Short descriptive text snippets
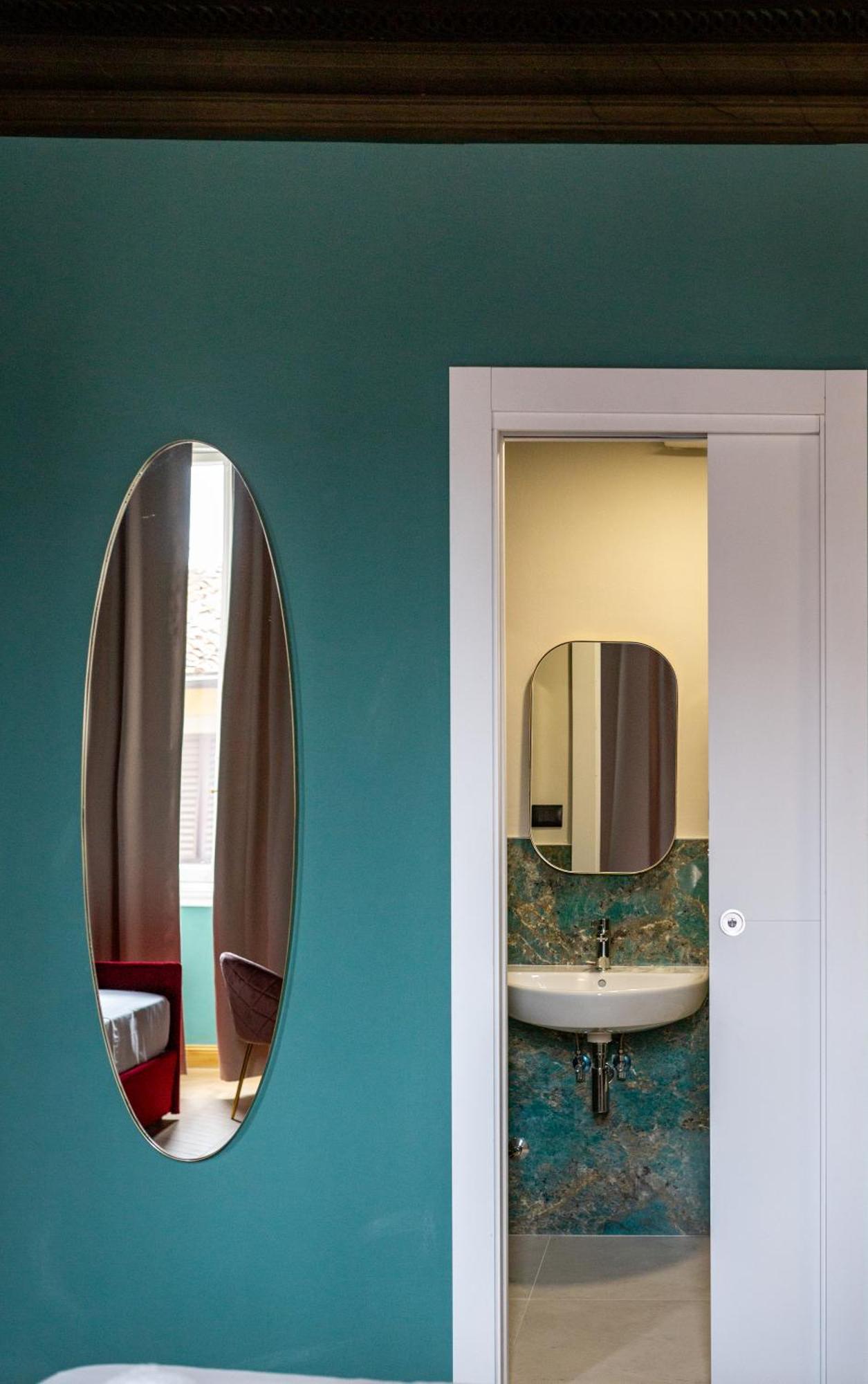 Residenza D'Epoca White Room ฟลอเรนซ์ ภายนอก รูปภาพ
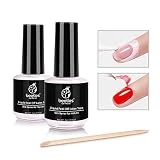 Beetles Latex Liquid Nail Simple Peel off Cuticle Guard for Nail Art Liquid Latex Barrier Protector 15ml Pink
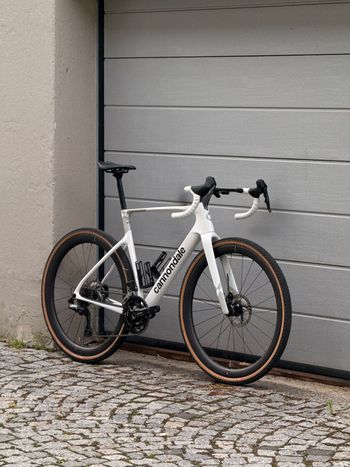 Used Cannondale SuperX 2 2025 2025 Road & Gravel, White — image 6 of 6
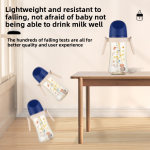 Infant PPSU Bottle - Anti Drop Anti Colic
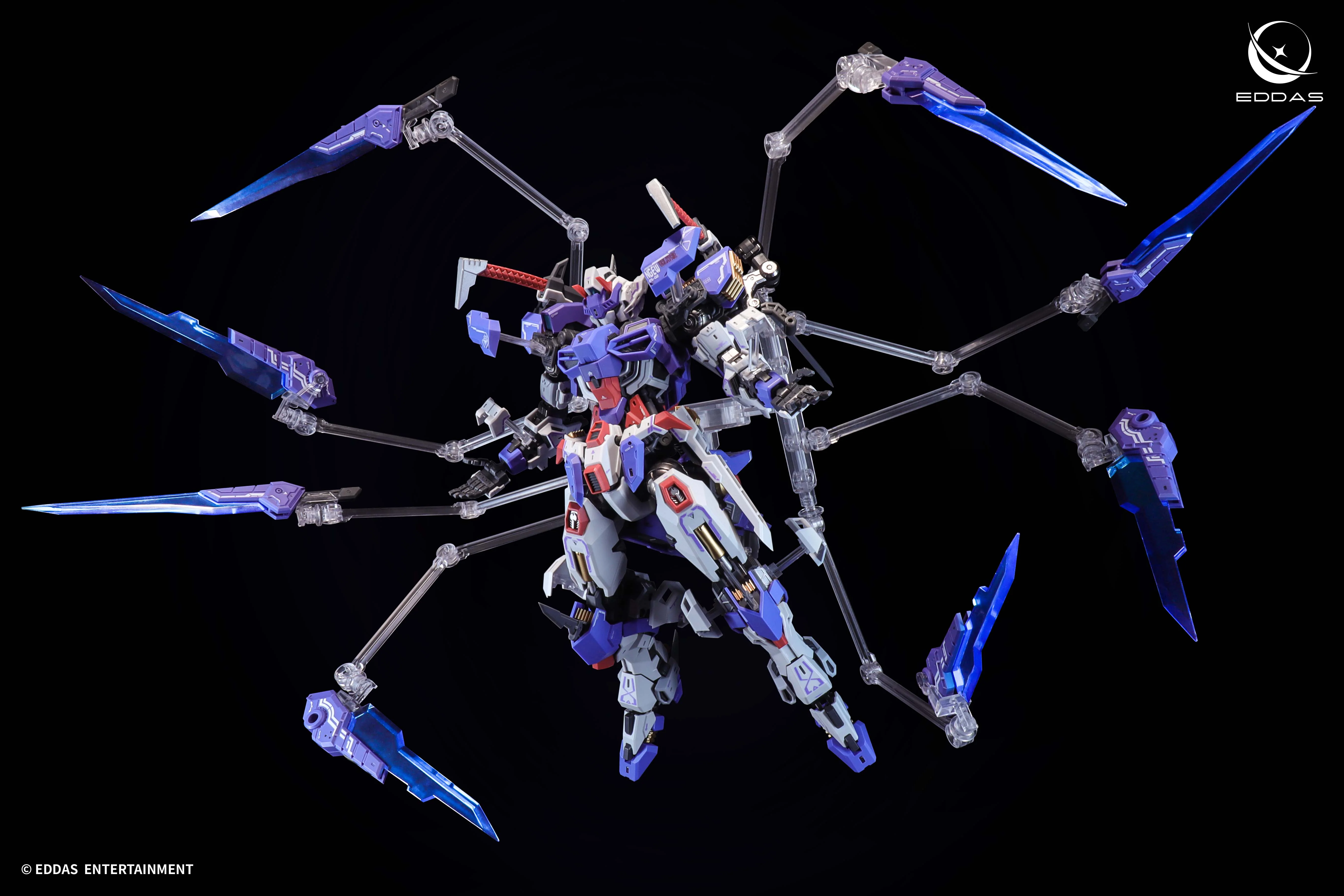 Valkyrie 1/100 Scale Model Kit - Image 17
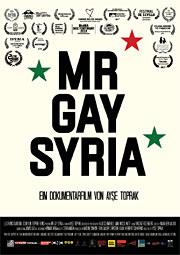 Mr Gay Syria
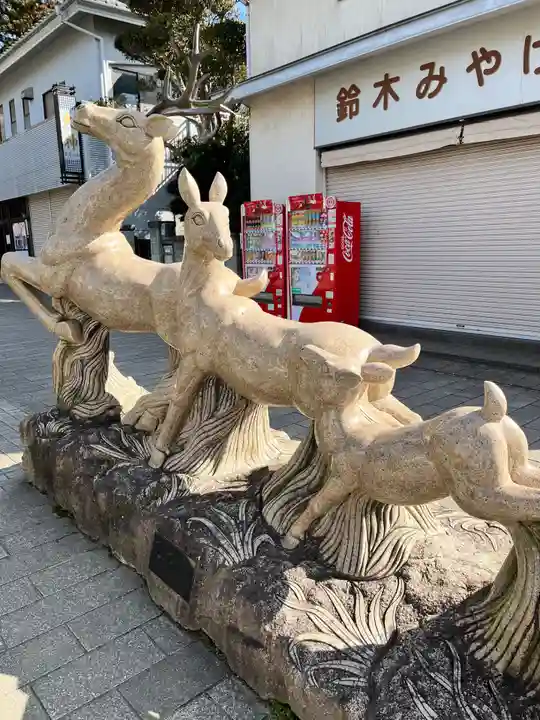 鹿島神宮(茨城県)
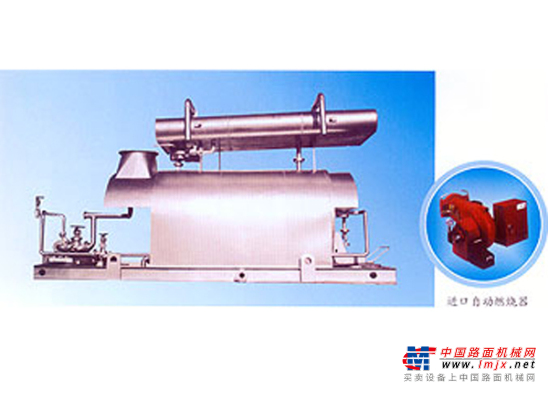 遼築LHY係列燃油型導熱油爐(熱功率700KW-4200KW))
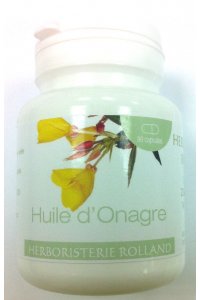 HUILE D'ONAGRE - 90 capsules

◆ **Work required**
Beginning with the line where "Used Cannondale SuperX" appears, restate word for word every line down to the last one in the data, but keep the pictures out.

◆ **Response box**
 Used Cannondale SuperX 2 2025 2025 Road & Gravel, White — image 6 of 6
 Infant PPSU Bottle - Anti Drop Anti Colic
 Valkyrie 1/100 Scale Model Kit - Image 17
 Mr Gay Syria
 鹿島神宮(茨城県)
 遼築LHY係列燃油型導熱油爐(熱功率700KW-4200KW))
 HUILE D'ONAGRE - 90 capsules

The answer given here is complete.